INSTRUCTIONS TO FOLLOW - Repeat every line of the data exactly; no picture belongs in the copy.

PROVIDED DATA -
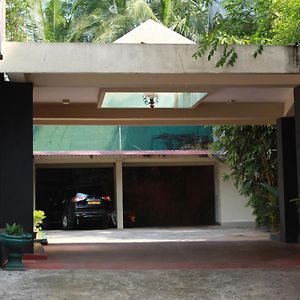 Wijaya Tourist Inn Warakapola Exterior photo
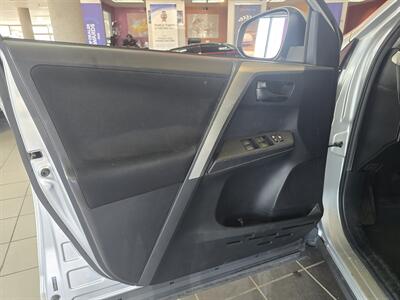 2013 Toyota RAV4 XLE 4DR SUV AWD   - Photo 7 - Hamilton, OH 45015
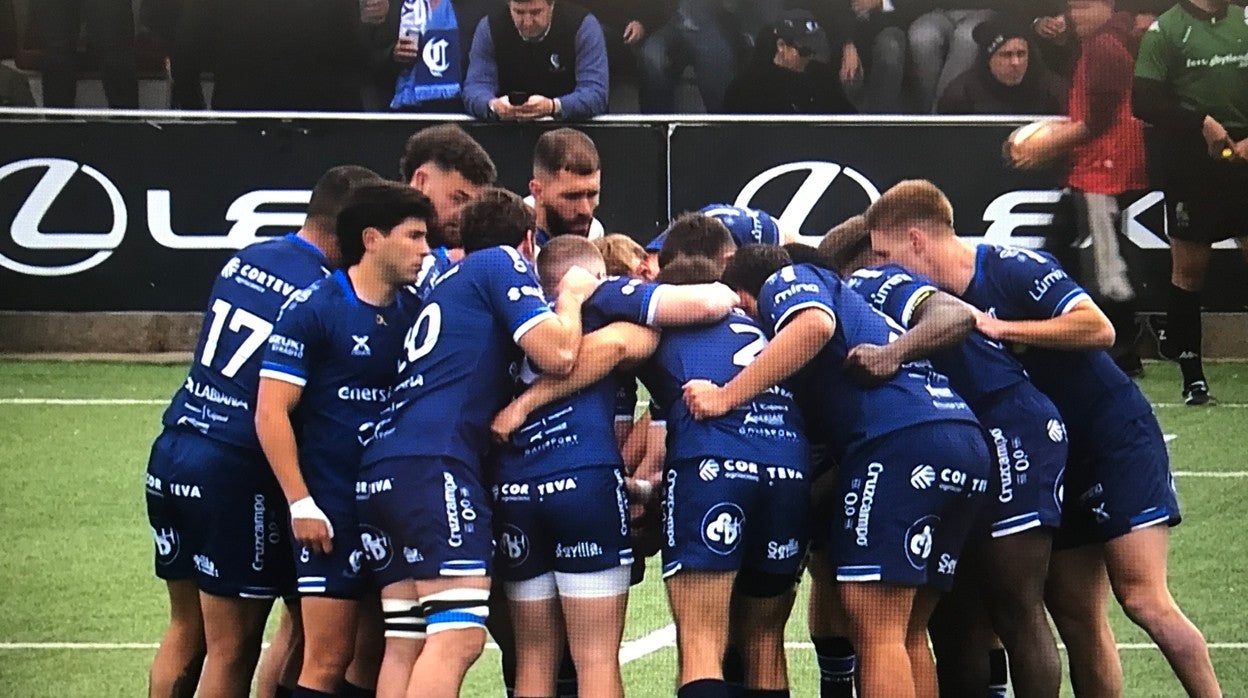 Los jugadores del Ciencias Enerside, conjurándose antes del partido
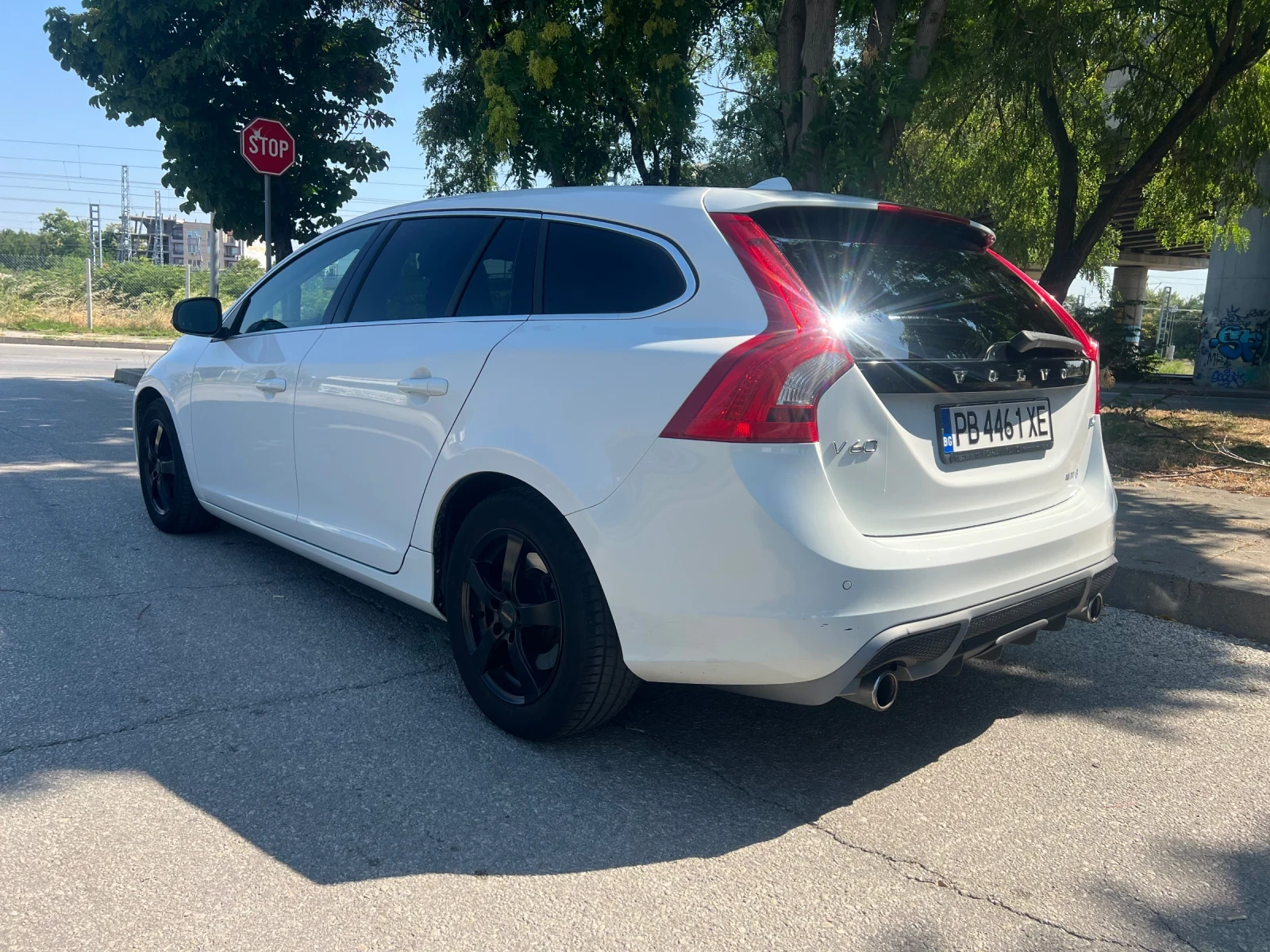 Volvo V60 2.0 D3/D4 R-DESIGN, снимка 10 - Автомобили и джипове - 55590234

ANSWER BELOW -
 Wijaya Tourist Inn Warakapola Exterior photo
 2013 Toyota RAV4 XLE 4DR SUV AWD   - Photo 7 - Hamilton, OH 45015
 Los jugadores del Ciencias Enerside, conjurándose antes del partido
 Volvo V60 2.0 D3/D4 R-DESIGN, снимка 10 - Автомобили и джипове - 55590234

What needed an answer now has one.